**Work instruction**
Without including any pictures, reproduce all the lines below word for word.

**Supplied entries**
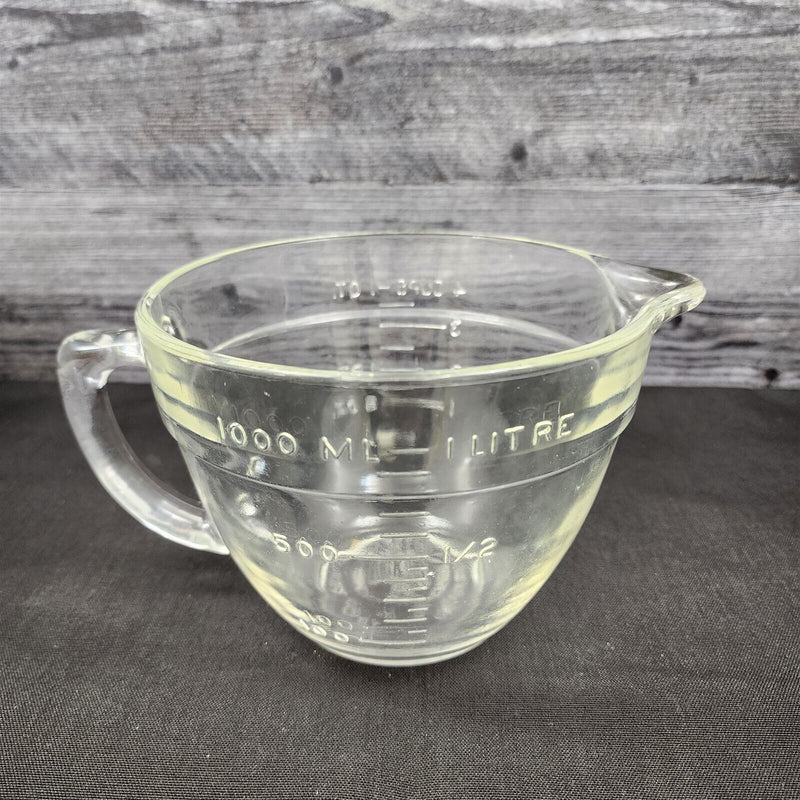 Load image into Gallery viewer, Fire-King Anchor Hocking 4 Cup 1 Quart Glass Measuring Mixing Bowl USA
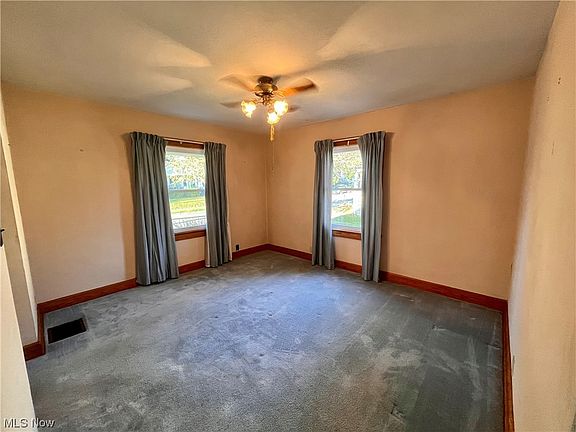 4th image of 828 Echo Ave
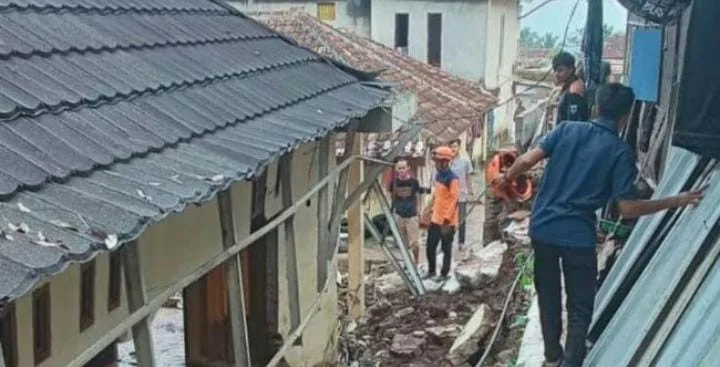 Tembok Penahan Tanah Longsor di Pandeglang, Dinding Majelis Taklim Jebol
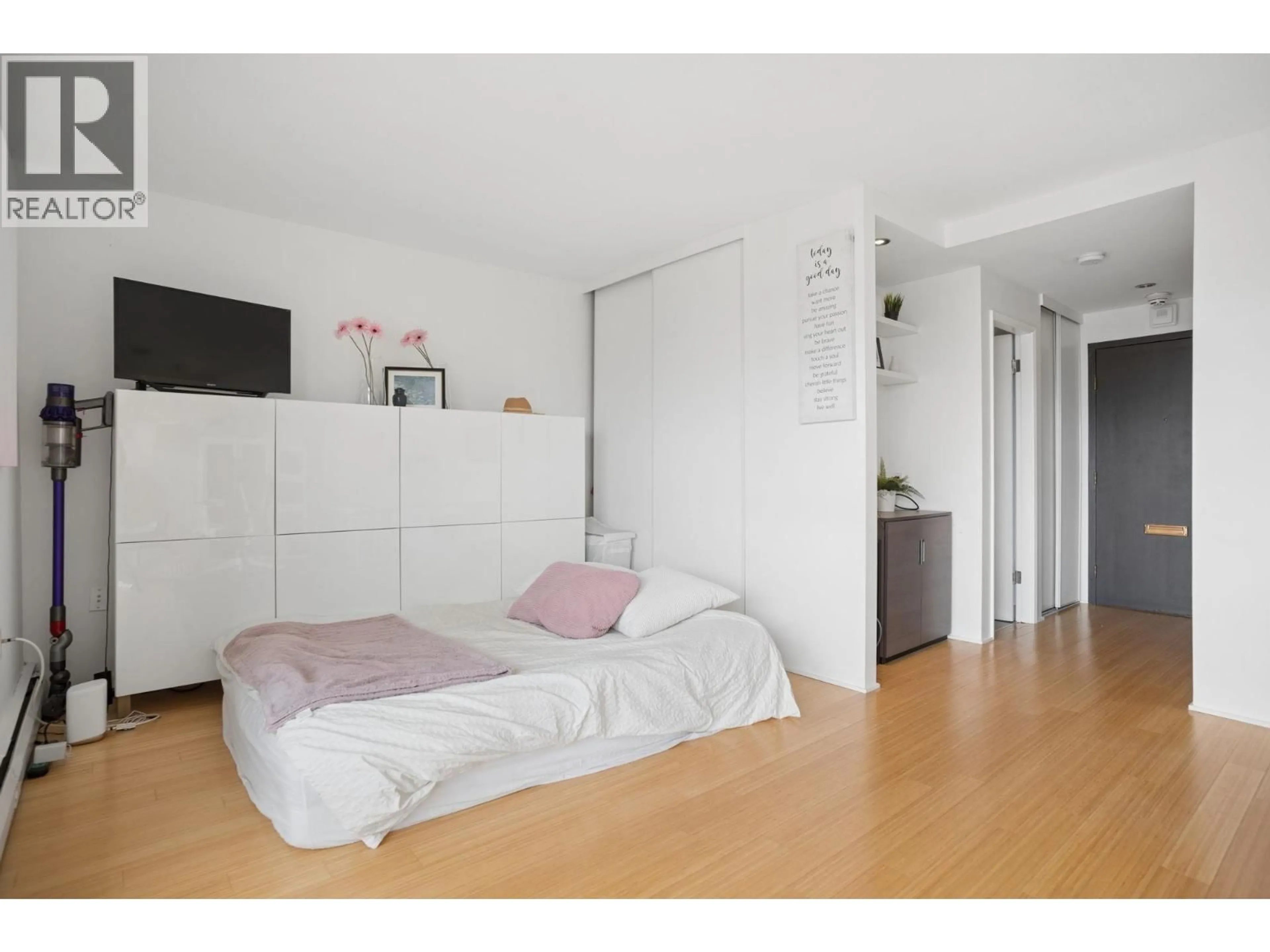 Bedroom with bed, unknown for 1703 - 1330 HARWOOD STREET, Vancouver British Columbia V6E1S8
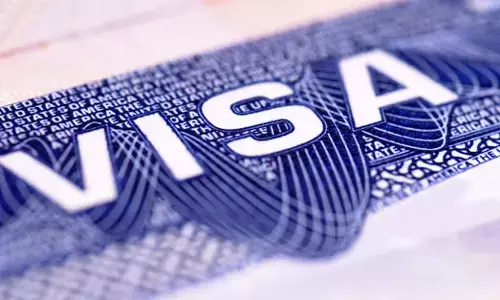 H1B ವೀಸಾ ಸಂದರ್ಶನ ಮುಂದೂಡಿಕೆ | ಅಮೆರಿಕಕ್ಕೆ ಮರಳಲಾಗದೆ ಅನೇಕ ಅರ್ಜಿದಾರರು ಸಂಕಷ್ಟದಲ್ಲಿ: ಭಾರತ ಕಳವಳ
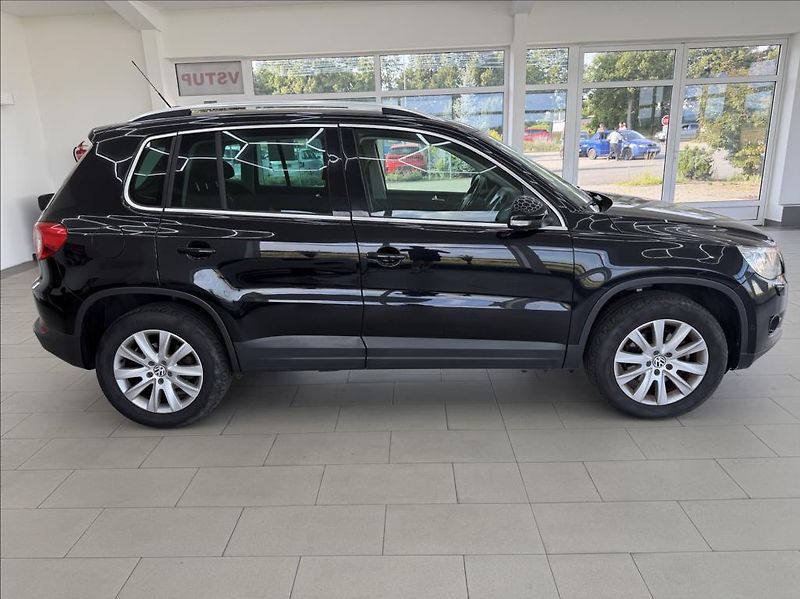 Volkswagen Tiguan 2,0 TDI,DSG 4Motion,Sport,CZ - fotka 6 z 24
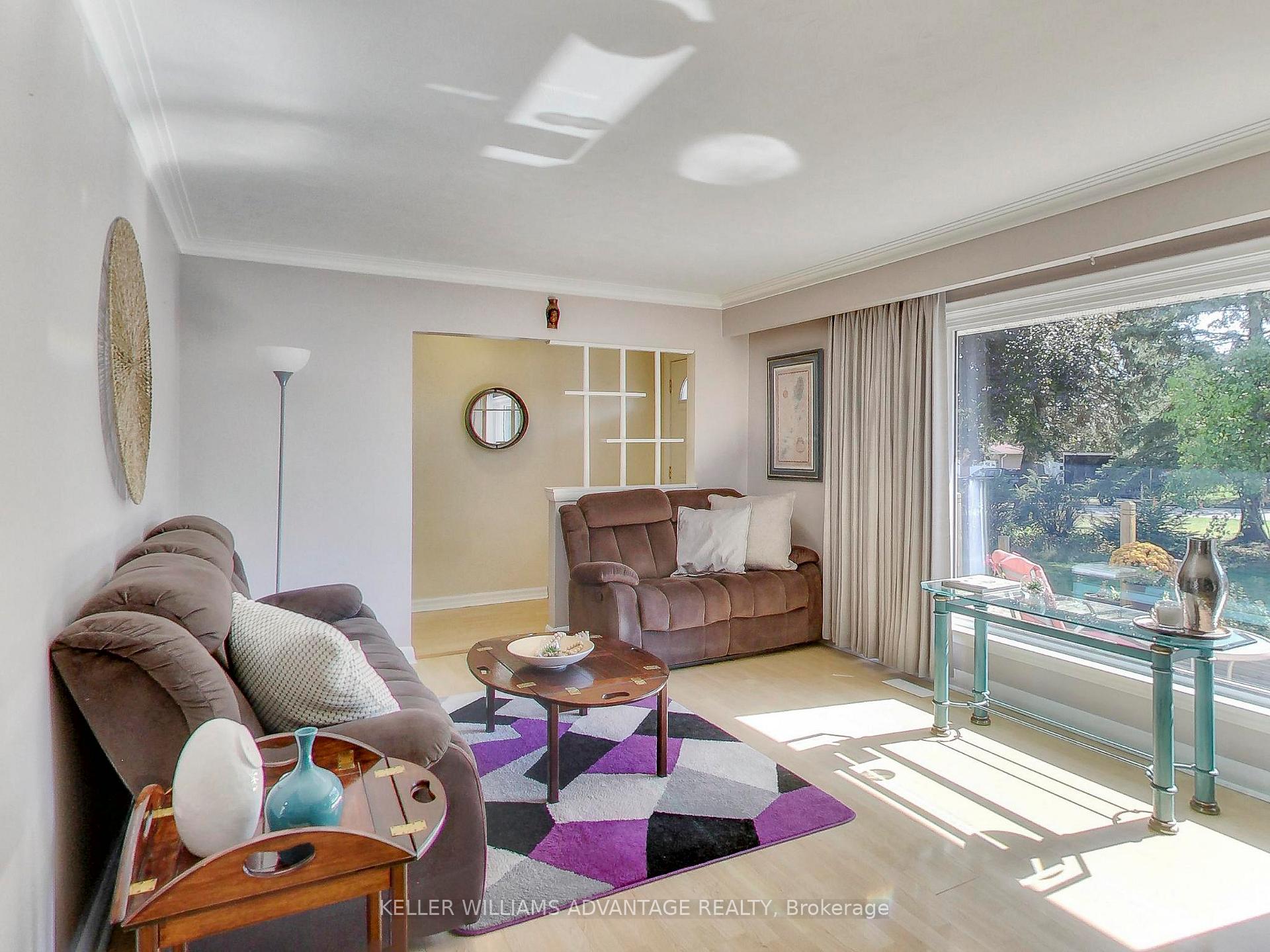 Photo 9 of 546 Sheppard Avenue, Pickering, Woodlands — HOMEH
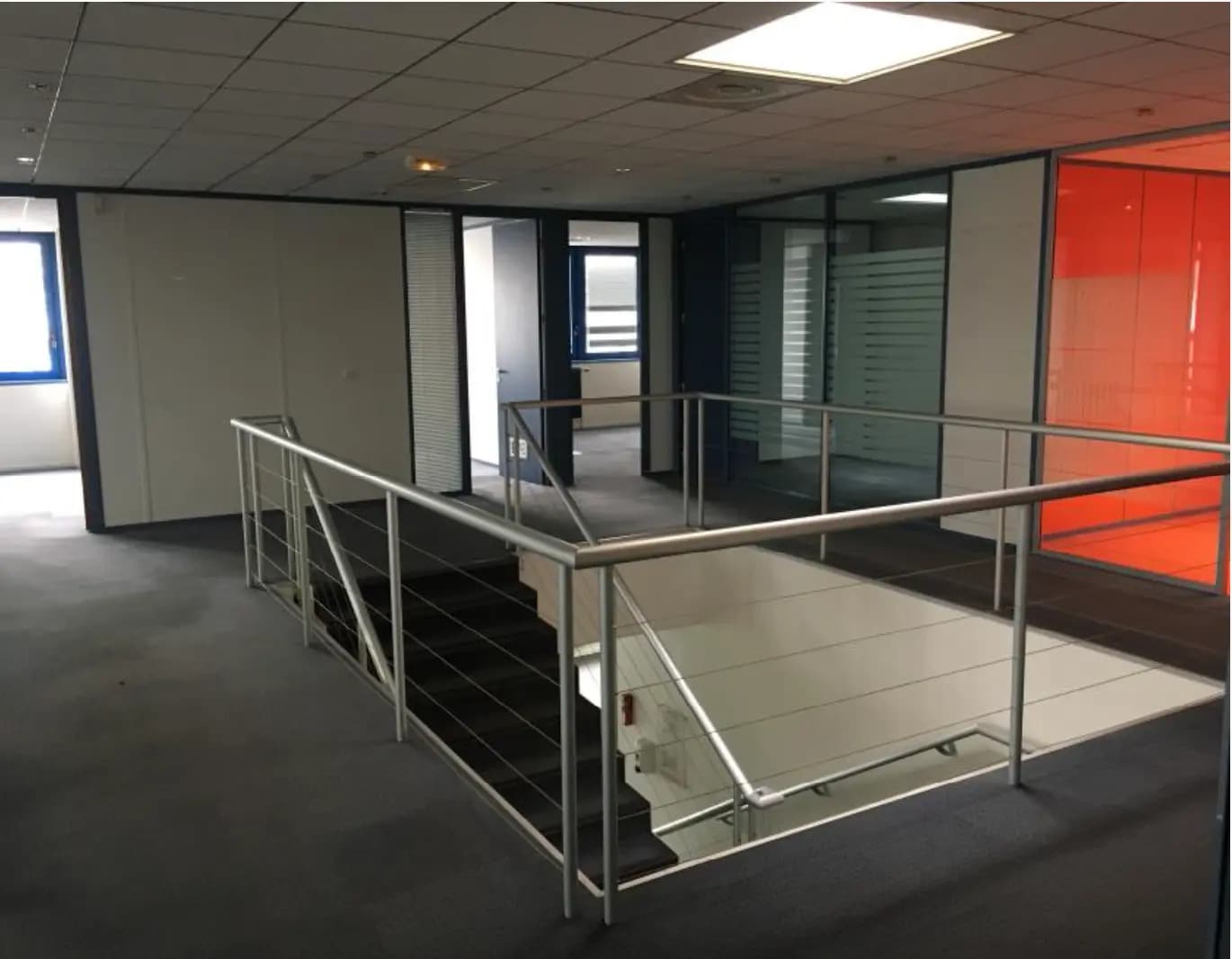 Industriel/Logistique dans L'ILE-SAINT-DENIS à louer Photo intérieure– Image 1 sur 7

**Result of the task**
 Load image into Gallery viewer, Fire-King Anchor Hocking 4 Cup 1 Quart Glass Measuring Mixing Bowl USA
 4th image of 828 Echo Ave
 Tembok Penahan Tanah Longsor di Pandeglang, Dinding Majelis Taklim Jebol
 Bedroom with bed, unknown for 1703 - 1330 HARWOOD STREET, Vancouver British Columbia V6E1S8
 H1B ವೀಸಾ ಸಂದರ್ಶನ ಮುಂದೂಡಿಕೆ | ಅಮೆರಿಕಕ್ಕೆ ಮರಳಲಾಗದೆ ಅನೇಕ ಅರ್ಜಿದಾರರು ಸಂಕಷ್ಟದಲ್ಲಿ: ಭಾರತ ಕಳವಳ
 Volkswagen Tiguan 2,0 TDI,DSG 4Motion,Sport,CZ - fotka 6 z 24
 Photo 9 of 546 Sheppard Avenue, Pickering, Woodlands — HOMEH
 Industriel/Logistique dans L'ILE-SAINT-DENIS à louer Photo intérieure– Image 1 sur 7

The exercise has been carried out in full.